- _EXERCISE AIM_: The whole listing below should be printed again exactly, with no images.

DATA RECORDS START

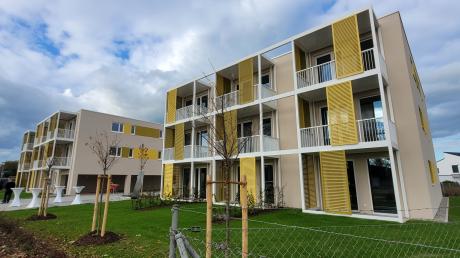 Zwei cremefarbige Häuser mit leuchtend gelben Details bieten in 17 Wohnungen Platz für Menschen mit schmalem Geldbeutel.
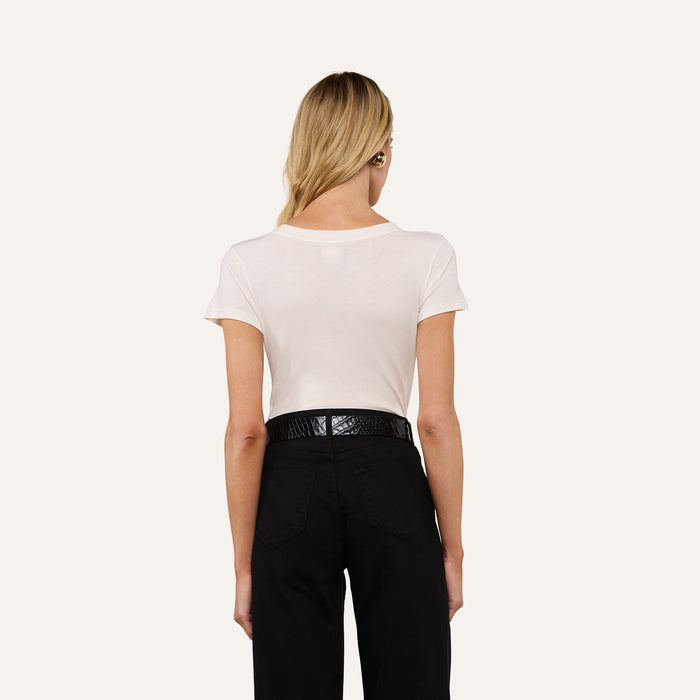 A person with long blonde hair, wearing the Becca Cotton V-Neck Tee in vintage off-white and black pants with a black belt, stands facing away from the camera against a plain background.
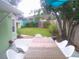 Backyard with a wooden deck and a large table with white chairs, perfect for outdoor dining at 641 Wilkie St, Dunedin, FL 34698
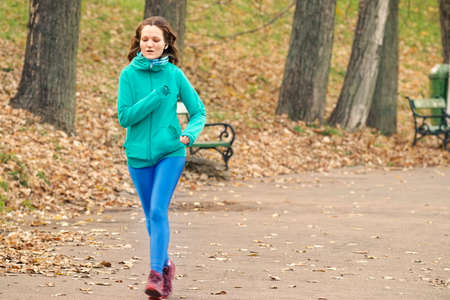 Young woman running in park
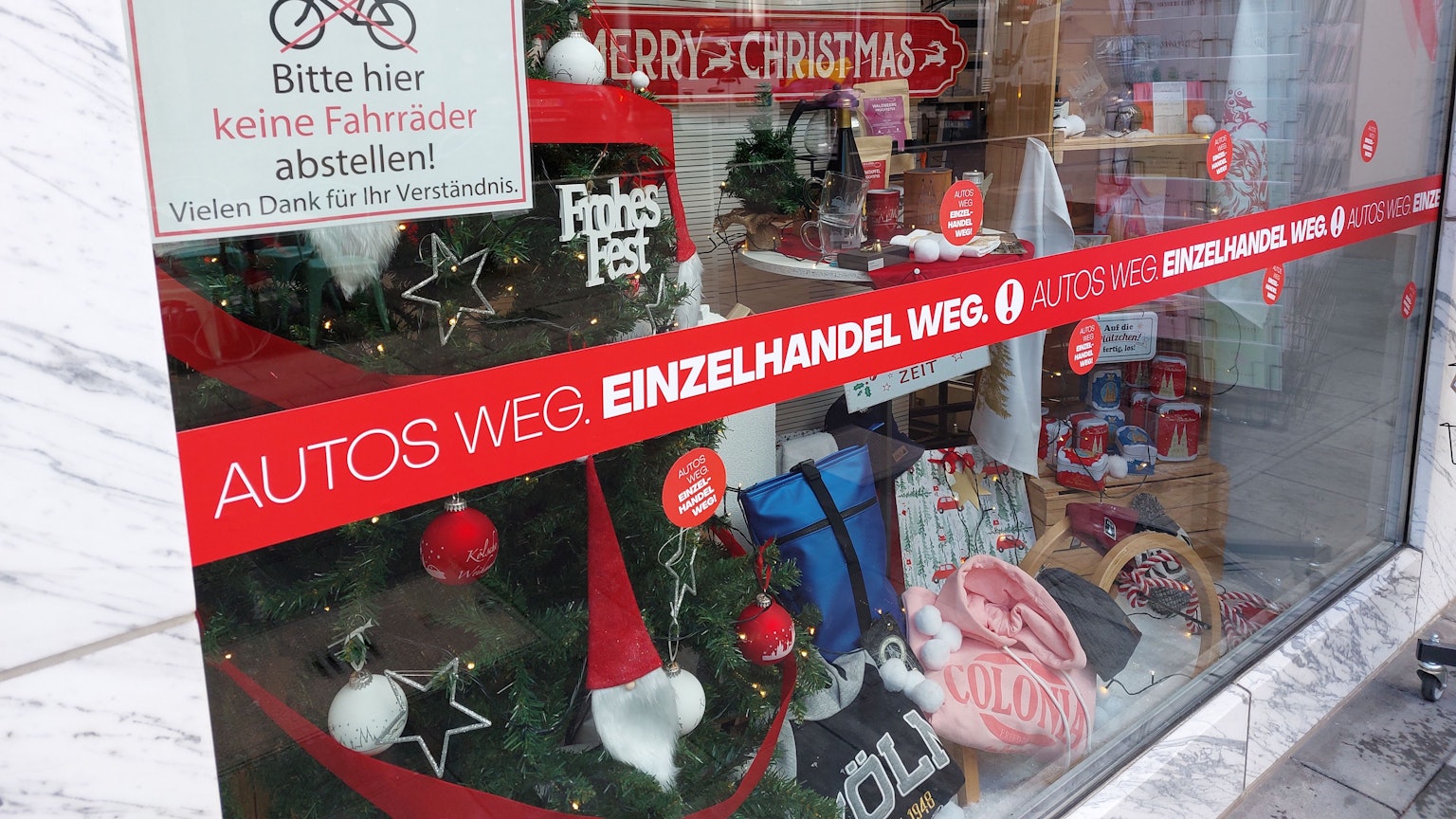 An einem Schaufenster auf der Deutzer Freiheit liest man „Autos weg, Einzelhandel weg“.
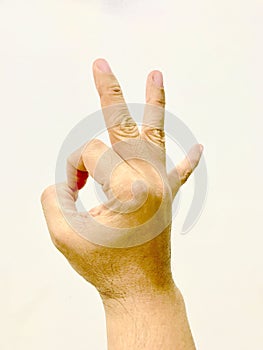 Okay hand sign white background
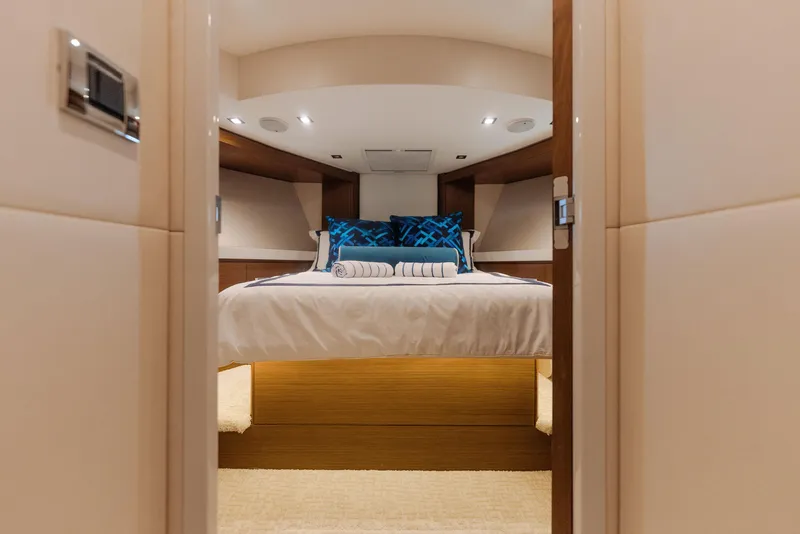 Slide: The Image of Luxurious bedroom interior of 2017 Hatteras M75 Panacera yacht with elegant bedding. - 18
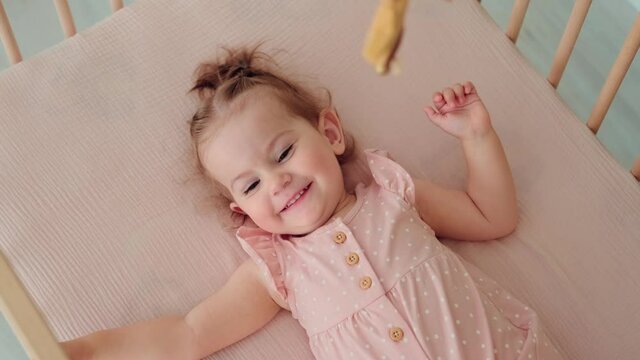 Childcare at Home, Child Protection, New Life, Leisure with Baby. Happy baby lies in a crib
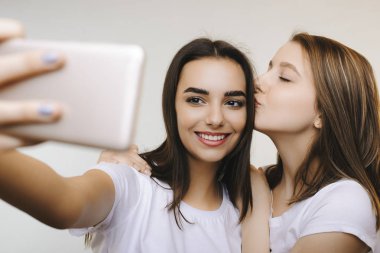İki güzel kız arkadaşım başka bir beyaz arka plan önünde kafasına öpüyor selfie gülümseyerek yapıyor.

DATA RECORDS END

- _SOLUTION_:
 Zwei cremefarbige Häuser mit leuchtend gelben Details bieten in 17 Wohnungen Platz für Menschen mit schmalem Geldbeutel.
 A person with long blonde hair, wearing the Becca Cotton V-Neck Tee in vintage off-white and black pants with a black belt, stands facing away from the camera against a plain background.
 Backyard with a wooden deck and a large table with white chairs, perfect for outdoor dining at 641 Wilkie St, Dunedin, FL 34698
 Young woman running in park
 An einem Schaufenster auf der Deutzer Freiheit liest man „Autos weg, Einzelhandel weg“.
 Okay hand sign white background
 Slide: The Image of Luxurious bedroom interior of 2017 Hatteras M75 Panacera yacht with elegant bedding. - 18
 Childcare at Home, Child Protection, New Life, Leisure with Baby. Happy baby lies in a crib
İki güzel kız arkadaşım başka bir beyaz arka plan önünde kafasına öpüyor selfie gülümseyerek yapıyor.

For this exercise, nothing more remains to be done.